── Given information

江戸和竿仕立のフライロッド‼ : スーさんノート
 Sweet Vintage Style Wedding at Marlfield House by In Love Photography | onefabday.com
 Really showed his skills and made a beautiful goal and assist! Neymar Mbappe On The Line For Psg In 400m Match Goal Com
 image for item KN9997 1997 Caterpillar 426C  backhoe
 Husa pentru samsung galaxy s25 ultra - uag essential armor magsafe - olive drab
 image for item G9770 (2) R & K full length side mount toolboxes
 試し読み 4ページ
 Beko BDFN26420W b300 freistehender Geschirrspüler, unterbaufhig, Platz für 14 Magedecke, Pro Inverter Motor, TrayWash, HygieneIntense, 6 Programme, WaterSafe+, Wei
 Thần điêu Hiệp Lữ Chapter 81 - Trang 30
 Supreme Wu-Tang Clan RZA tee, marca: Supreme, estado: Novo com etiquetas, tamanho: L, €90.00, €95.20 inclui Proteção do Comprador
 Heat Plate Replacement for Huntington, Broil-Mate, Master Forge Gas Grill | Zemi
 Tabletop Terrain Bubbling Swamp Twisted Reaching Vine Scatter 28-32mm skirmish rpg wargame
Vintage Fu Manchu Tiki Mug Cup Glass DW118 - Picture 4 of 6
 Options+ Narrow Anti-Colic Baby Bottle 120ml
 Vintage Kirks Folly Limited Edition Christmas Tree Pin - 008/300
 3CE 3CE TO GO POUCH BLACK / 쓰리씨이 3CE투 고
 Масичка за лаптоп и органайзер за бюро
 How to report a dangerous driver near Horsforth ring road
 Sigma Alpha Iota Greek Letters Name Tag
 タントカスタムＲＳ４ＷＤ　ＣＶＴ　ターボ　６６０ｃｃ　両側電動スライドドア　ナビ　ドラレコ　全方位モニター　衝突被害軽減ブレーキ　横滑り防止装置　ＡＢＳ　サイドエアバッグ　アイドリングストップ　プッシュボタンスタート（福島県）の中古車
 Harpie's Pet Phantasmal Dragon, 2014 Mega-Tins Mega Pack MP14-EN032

────

The line containing "Tabletop Terrain Bubbling" and all lines after it, to the end of the records, are to be output exactly and alone.

 Tabletop Terrain Bubbling Swamp Twisted Reaching Vine Scatter 28-32mm skirmish rpg wargame
Vintage Fu Manchu Tiki Mug Cup Glass DW118 - Picture 4 of 6
 Options+ Narrow Anti-Colic Baby Bottle 120ml
 Vintage Kirks Folly Limited Edition Christmas Tree Pin - 008/300
 3CE 3CE TO GO POUCH BLACK / 쓰리씨이 3CE투 고
 Масичка за лаптоп и органайзер за бюро
 How to report a dangerous driver near Horsforth ring road
 Sigma Alpha Iota Greek Letters Name Tag
 タントカスタムＲＳ４ＷＤ　ＣＶＴ　ターボ　６６０ｃｃ　両側電動スライドドア　ナビ　ドラレコ　全方位モニター　衝突被害軽減ブレーキ　横滑り防止装置　ＡＢＳ　サイドエアバッグ　アイドリングストップ　プッシュボタンスタート（福島県）の中古車
 Harpie's Pet Phantasmal Dragon, 2014 Mega-Tins Mega Pack MP14-EN032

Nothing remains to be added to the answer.